In particular to have a little look at this……….
This fluorescent barrier is a prime example of modern roadside construction.
Which is great….. but slightly distracting from the wooden cream and green number directly opposite – the signal box that was connected to the Brunel’s original Temple Mead Station.
Originally this stood outside the main station, controlling the terminus of the GWR line but, when the swelling number of train passengers and the increased weight of goods could no longer be digested by the existing set up and the time came for the buildings to expand, Mr Francis Fox used his cunning to build around the existing signal box. Hence why the signal box sits ensconced between the archways of the train shed extension.
And from behind.
To give a little extra background the original Temple Meads station is the one on the left hand side when gawped at from the front. It was designed by a young Brunel and built in 1839 – 41 to be the terminus for the Great Western Railway (GWR) line between London and the West. Built with all the stout confidence and swagger of Henry VIII in a mock Tudor style it was Bristol’s first passenger railway and is regarded as one of the best Victorian station buildings in its time.
The GWR line connected Bristol to London Paddington and was known as ‘Brunel’s Billiard Table’ due the extraordinarily level and straight route that the line takes, via such engineerial contortions as the Box Tunnel.
A common theme during the rapacious growth of the 1800s , Brunel’s station was soon inadequate and more neo- historical style buildings were added to the site. The Jacobean design of Samuel Fripp for the Bristol Exeter railway in 1852 -4 was built (the building to the right on modern Temple Meads), replacing the temporary wooden station locally known as the ‘Cowshed’ that had been built in 1845. The gothic centre piece was part of the 1870’s expansion led by Francis Fox (part of the same industrious furore that built around the signal box).
1965, Colin G. Maggs *
One hundred and twenty five years after it had been built Brunel’s Old station was swiftly closed in 1965, the terminus of the domino chain toppled by the 1963 Beeching Axe and by 1966 the train shed was an amazing….car park.

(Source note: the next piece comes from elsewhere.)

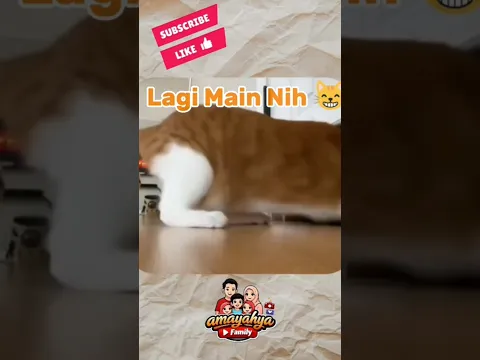 In and Out 😸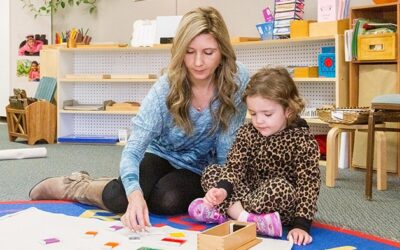Step By Step Montessori Schools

However, this closure did cause another rather entertaining little quirk (and another example of just modernising around existing features).
If you are familiar with Temple Meads station this sign sits above the stairs leading down from platforms 13 and 15 and so, I mean, it’s not technically wrong, it is just not telling the whole truth either. Where are these mysterious platforms one and two? Alas, this is not an alternative means to get to a wizarding school but rather platforms 13 and 15 had actually been numbers 1 and 2 until the closure of the Old Station at which point the platform numbers were reversed – so the sign should actually read ‘to platforms 1 to 12’.
So, what next for the signal box and train shed?
The past 20 years have seen Brunel’s Old Station Passenger Shed used as the Bristol Exploratory Science centre (the precursor to @Bristol), the Empire and Commonwealth Museum and now a function and conference space (rather befittingly currently housing a show applauding the life of Brunel).
And now will it be adapted to the needs of modern society?
The site is one of part of the Key Projects of the ‘Bristol Temple Quarter Enterprise Zone’ (http://www.bristoltemplequarter.com/key-projects/ ). This is a huge project inwardly investing in Bristol based businesses, pushing forward electric trains, overhauling inter and intra city transport, as well as leading the way in the push for a Bristol arena.
So, I will refrain from the train metaphors but, there are a lot of green and red lights flashing at the moment – I for one am watching this space.